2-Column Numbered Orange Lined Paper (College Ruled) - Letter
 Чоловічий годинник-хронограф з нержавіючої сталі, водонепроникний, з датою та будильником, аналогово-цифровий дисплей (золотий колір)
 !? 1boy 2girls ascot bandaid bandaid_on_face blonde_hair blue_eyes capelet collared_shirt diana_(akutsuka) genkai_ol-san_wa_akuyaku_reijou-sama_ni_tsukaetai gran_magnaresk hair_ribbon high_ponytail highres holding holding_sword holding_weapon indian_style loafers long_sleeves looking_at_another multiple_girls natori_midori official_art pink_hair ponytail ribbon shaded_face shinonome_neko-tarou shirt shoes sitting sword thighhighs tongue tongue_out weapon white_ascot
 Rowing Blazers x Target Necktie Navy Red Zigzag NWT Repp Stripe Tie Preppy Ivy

WORK TO BE COMPLETED: Write the material out again in its entirety, exactly as shown.

RESPONSE TO THE TASK:
2-Column Numbered Orange Lined Paper (College Ruled) - Letter
 Чоловічий годинник-хронограф з нержавіючої сталі, водонепроникний, з датою та будильником, аналогово-цифровий дисплей (золотий колір)
 !? 1boy 2girls ascot bandaid bandaid_on_face blonde_hair blue_eyes capelet collared_shirt diana_(akutsuka) genkai_ol-san_wa_akuyaku_reijou-sama_ni_tsukaetai gran_magnaresk hair_ribbon high_ponytail highres holding holding_sword holding_weapon indian_style loafers long_sleeves looking_at_another multiple_girls natori_midori official_art pink_hair ponytail ribbon shaded_face shinonome_neko-tarou shirt shoes sitting sword thighhighs tongue tongue_out weapon white_ascot
 Rowing Blazers x Target Necktie Navy Red Zigzag NWT Repp Stripe Tie Preppy Ivy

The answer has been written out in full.